__WHAT IS EXPECTED__
Print, exactly as they appear in the listing below, the lines from the line with "Dress Barn Floral Women's Jacket size 20W" to the line with "Chai Xịt Tẩy", with both end lines kept.

__STORED DATA__
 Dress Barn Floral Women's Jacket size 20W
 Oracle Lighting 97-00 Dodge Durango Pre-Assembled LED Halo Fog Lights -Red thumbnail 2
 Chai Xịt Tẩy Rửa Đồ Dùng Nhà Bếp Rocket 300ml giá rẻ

...

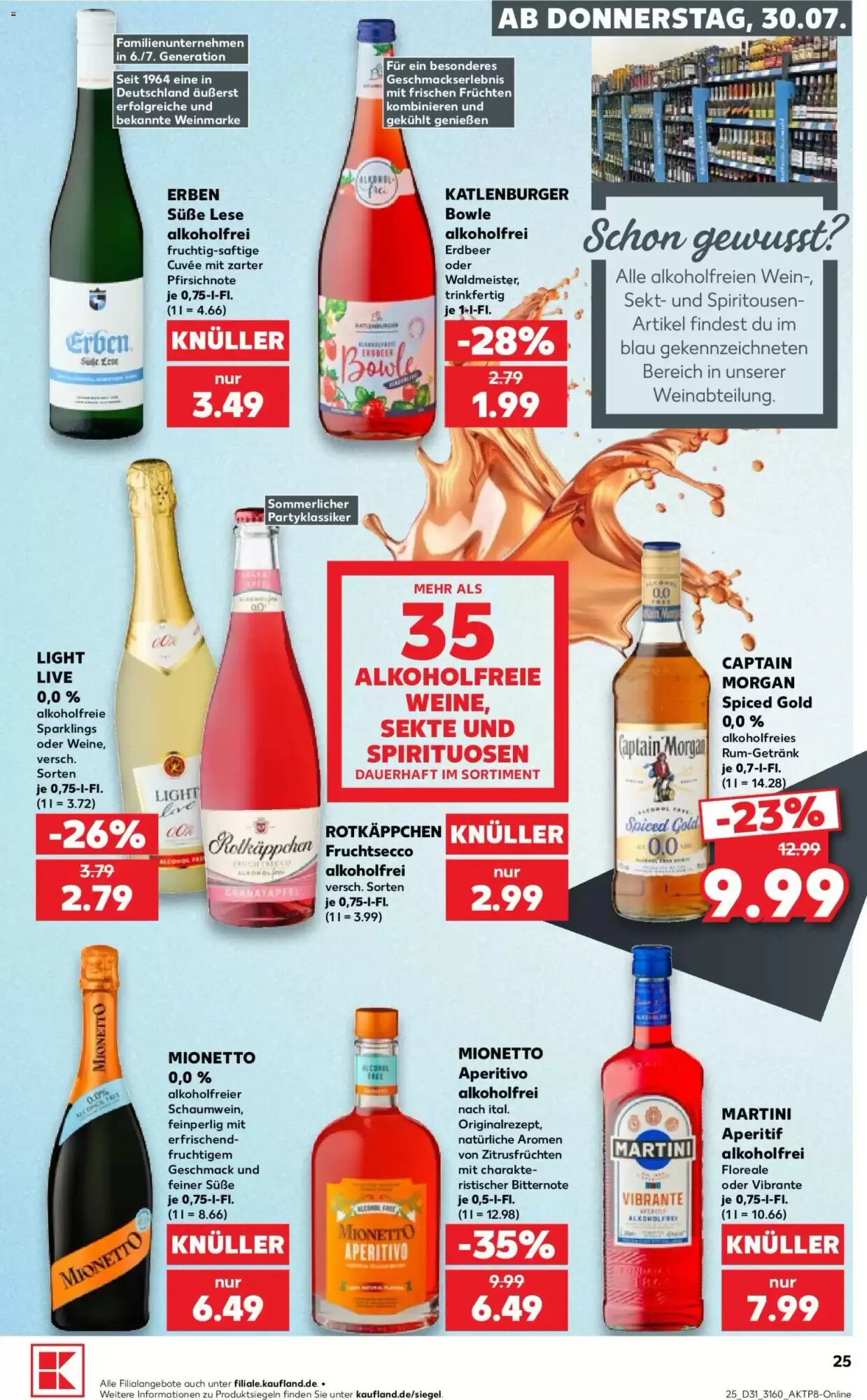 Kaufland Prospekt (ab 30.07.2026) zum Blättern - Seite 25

__REPLY__
 Dress Barn Floral Women's Jacket size 20W
 Oracle Lighting 97-00 Dodge Durango Pre-Assembled LED Halo Fog Lights -Red thumbnail 2
 Chai Xịt Tẩy Rửa Đồ Dùng Nhà Bếp Rocket 300ml giá rẻ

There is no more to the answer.